Cher Monsieur le Président,
Monsieur le Ministre, cher Renaud,
Mesdames, Messieurs les parlementaires,
Mesdames, Messieurs,
Chers amis,
Permettez moi d'abord de vous dire combien je suis heureux de me retrouver parmi vous pour célébrer le soixantième anniversaire de la confédération de l'artisanat et des petites entreprises du bâtiment. Avant toute chose, permettez moi également de vous faire part d'une autre bonne nouvelle : au mois de mars, il y a eu 31 000 demandeurs d'emploi en moins. C'est le meilleur chiffre pour notre pays depuis cinq ans. Au total, depuis juin 2005, ce sont près de 200 000 chômeurs qui ont retrouvé un emploi ou une formation dans notre pays. Dans le grand combat que nous menons, dans cette priorité que constitue la lutte contre le chômage, c'est une étape importante.

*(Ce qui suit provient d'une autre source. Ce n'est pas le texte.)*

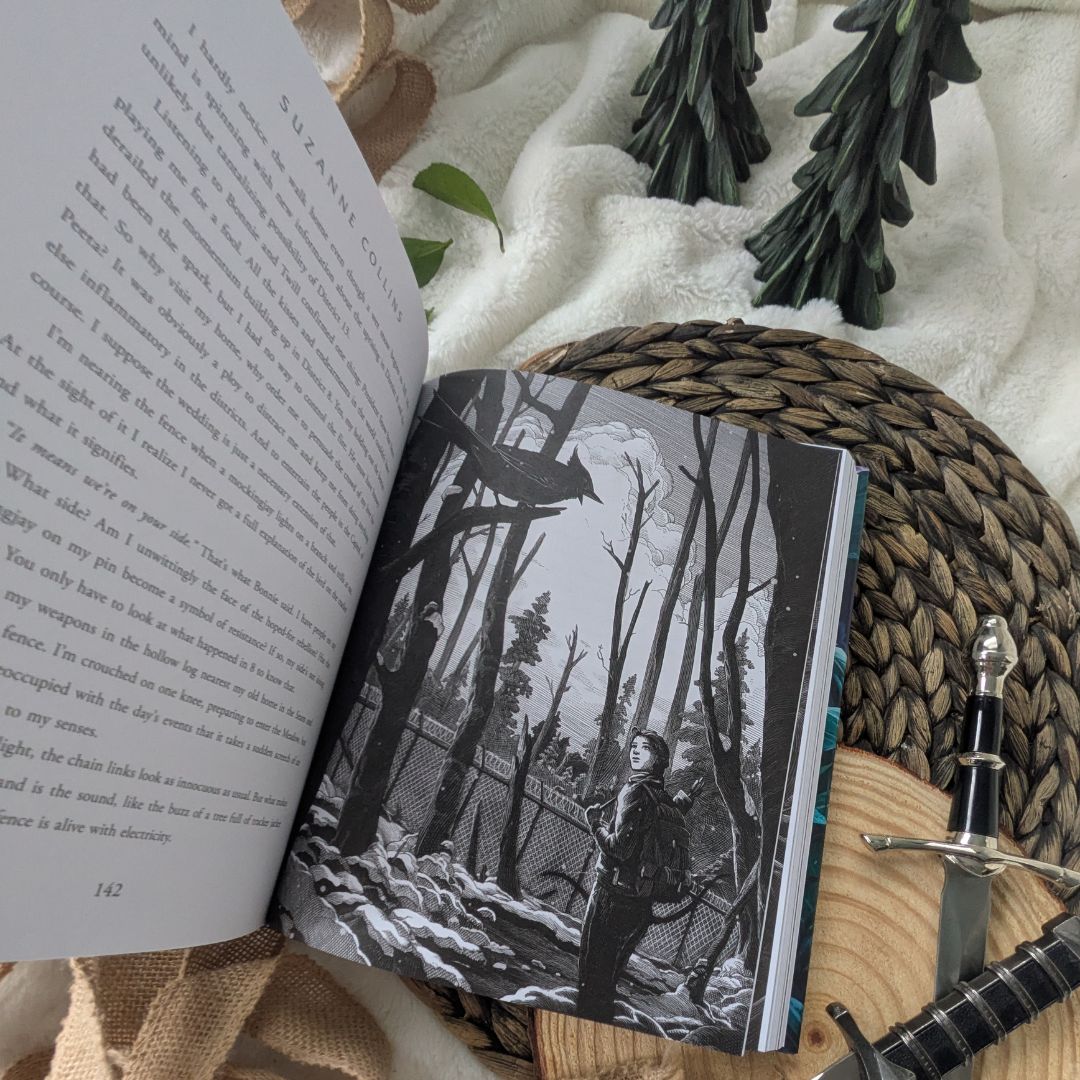 The Hunger Games Illustrated Book Set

Or ces résultats, ce n'est certainement pas le fruit du hasard, comme toujours dans la vie.
C'est le fruit de la mobilisation sans précédent du gouvernement. La rénovation des contrats aidés, la modernisation du service public de l'emploi, avec l'accompagnement personnalisé des chômeurs, la mise en place d'incitations à reprendre une activité, la création du Contrat nouvelles embauches : tout cela marche. J'ai eu l'occasion de le dire à plusieurs reprises : nous n'avons pas tout essayé contre le chômage. Et quand nous essayons, cela donne des résultats.
Cette nouvelle baisse du chômage, c'est aussi la conséquence du retour de la croissance, une croissance qui avance maintenant à un rythme supérieur à 2%. Mais là encore, la croissance, cela ne tombe pas du ciel, cela se construit. Les mesures fiscales, le soutien à l'innovation, la relance de l'investissement public, c'est cela qui crée un environnement favorable et qui donne aux entreprises l'envie d'investir et d'embaucher.

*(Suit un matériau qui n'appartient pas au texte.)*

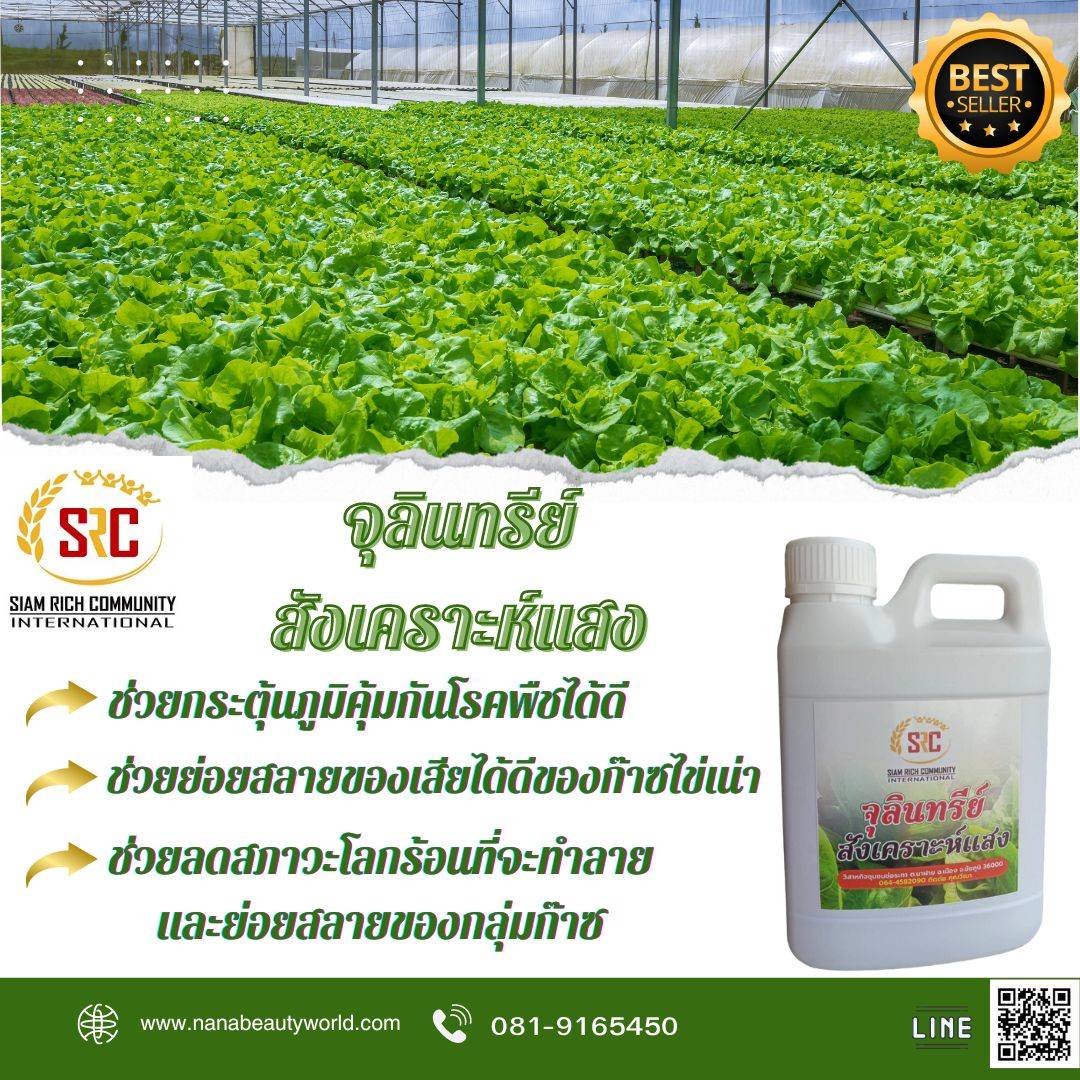 2 PV.จุลินทรีย์สังเคราะห์แสง เข้มข้น 3 เท่า บำรุงพืช ต้น ดอก ใบ ขนาด 1000 มล.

La baisse du chômage, c'est enfin le fruit de l'engagement, de l'esprit d'initiative et du goût du défi de tous les entrepreneurs de notre pays. Ce résultat, c'est bien votre résultat. Je le dis devant vous parce que le secteur du bâtiment est exemplaire. Vous êtes aujourd'hui les premiers recruteurs de France. Avec 12 000 nouveaux postes au quatrième trimestre 2005 et 37 000 sur l'ensemble de l'année, la construction a joué un rôle majeur que je veux saluer, pour relancer l'emploi. Grâce à votre amour du travail bien fait, grâce à vos efforts constants pour améliorer la formation professionnelle et répondre aux attentes des clients, vous avez su faire du bâtiment un des secteurs économiques dans notre pays, les plus performants.
Je sais que je peux compter sur vous, comme vous pouvez compter sur moi. Je veux continuer à encourager votre dynamisme en vous donnant les moyens de vous développer et de recruter toujours davantage.

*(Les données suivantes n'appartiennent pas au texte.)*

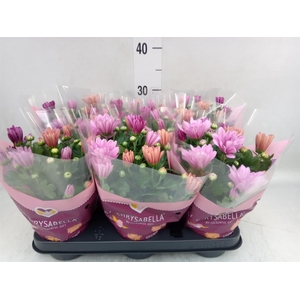 Chrysanthemum   ..mix/pot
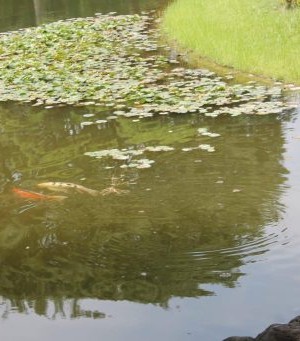 carpes koï dans le jardin du palais impérial à Tokyo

1. Depuis onze mois, nous avons pris des mesures fortes pour favoriser votre croissance.
Le Contrat Nouvelles Embauches, d'abord, dont je viens de parler. Ce contrat, je l'ai voulu pour vous : pour vous, artisans, pour vous dirigeants de petites entreprises, pour vous qui avez besoin de souplesse pour pouvoir recruter.
Pour une petite entreprise, embaucher est une décision importante et difficile. C'est un engagement que vous prenez à l'égard d'une femme ou d'un homme. C'est aussi un véritable investissement pour votre société. Si vous êtes soumis à des formalités complexes et à des risques juridiques et financiers importants en cas de rupture, vous ne franchirez pas le pas, nous le savons tous. Aujourd'hui, le Contrat Nouvelles Embauches répond à ces préoccupations. Il offre plus de souplesse aux employeurs tout en donnant des garanties fortes aux salariés.
Et c'est bien cela, la solution d'avenir.
C'est cela qui nous permettra de passer d'un niveau de chômage qui oscille entre 9% quand les choses vont bien et 12 % quand les choses vont mal à un taux de chômage beaucoup plus bas, proche du plein emploi. C'est cela que nous devons viser. C'est cela qui donnera véritablement confiance à nos compatriotes.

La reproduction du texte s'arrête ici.